Behe admits ‘Intelligent Designer’ is God on The Colbert Report



Stephen Colbert, more than any other late night talk show host, has used his alter ego’s ditto-head spin-zone to bring evolutionary scientists to millions of viewers. His interview with Richard Dawkins is one of the best episodes I’ve seen (and I haven’t missed a single one). So I was acutely eager to watch Intelligent Design proponent Michael Behe on Thursday night’s show.

In classic form Colbert opens up the interview by judging the book by its cover (he doesn't read books, he feels them). Reading from the subtitle The Search for the Limits of Darwinism, Colbert asked “Should all science begin by looking for where to limit a theory?”

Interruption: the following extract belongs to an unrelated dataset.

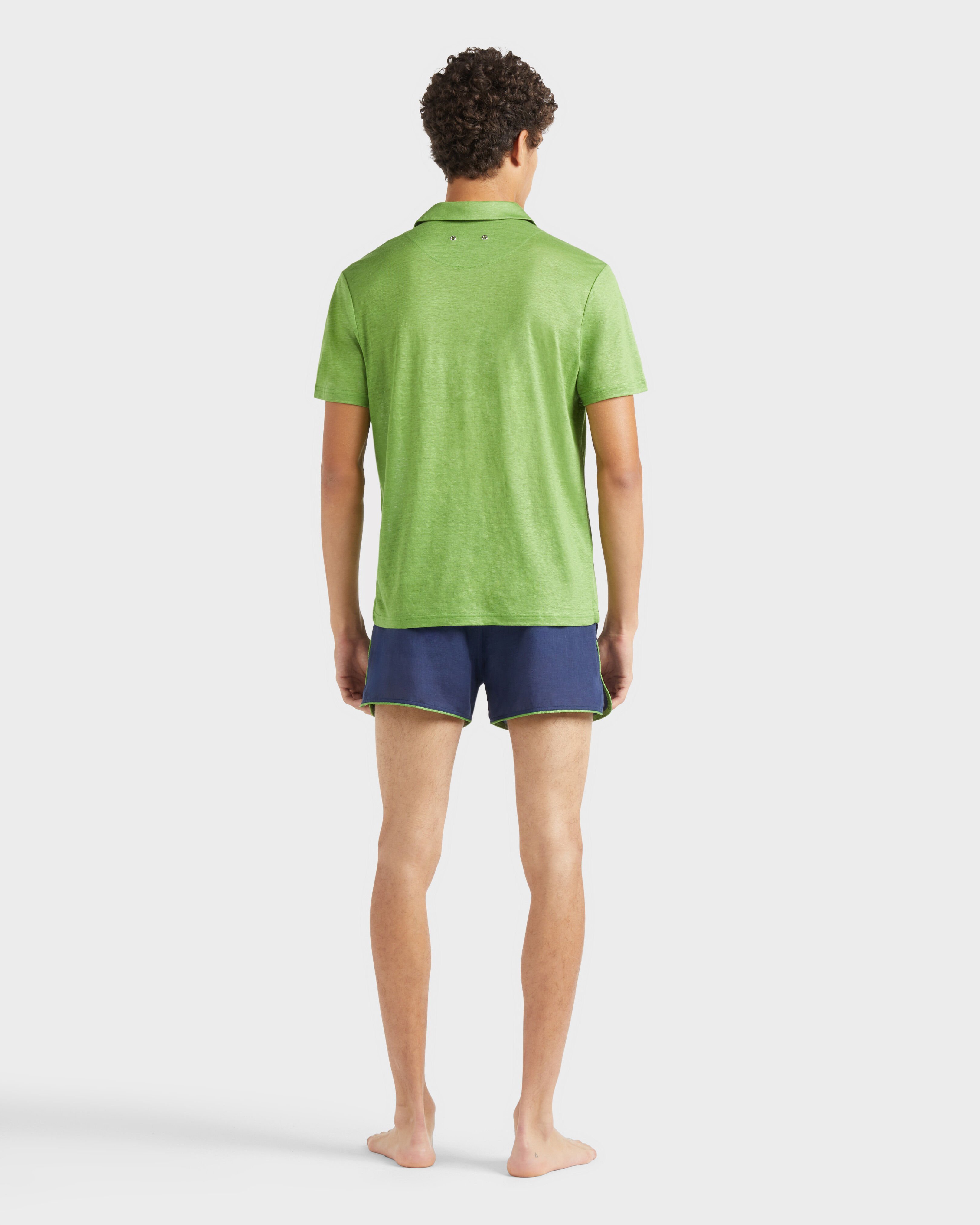 Men Linen Jersey Polo Shirt Solid CAMOUPLAGE backworn view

Behe was naturally stunned. Because as a biochemist he knows (or at least he should) that science only operates when it pushes boundaries and asks tough questions that can be tested experimentally. Behe, instead, waffled by suggesting that because no one in Darwin’s era understood the workings of the cell that, therefore, Darwin is incomplete.

That may be the first thing that Behe has been right about. Darwin, by himself, is incomplete. Without Mendel, without Fisher, without Dobzhansky and Haldane and Mayr Darwin’s theory wouldn’t be valid. These researchers, and many more in the 150 years since Darwin, have stood on the shoulders of a giant in order to see further than Darwin could alone. That is the process by which science operates.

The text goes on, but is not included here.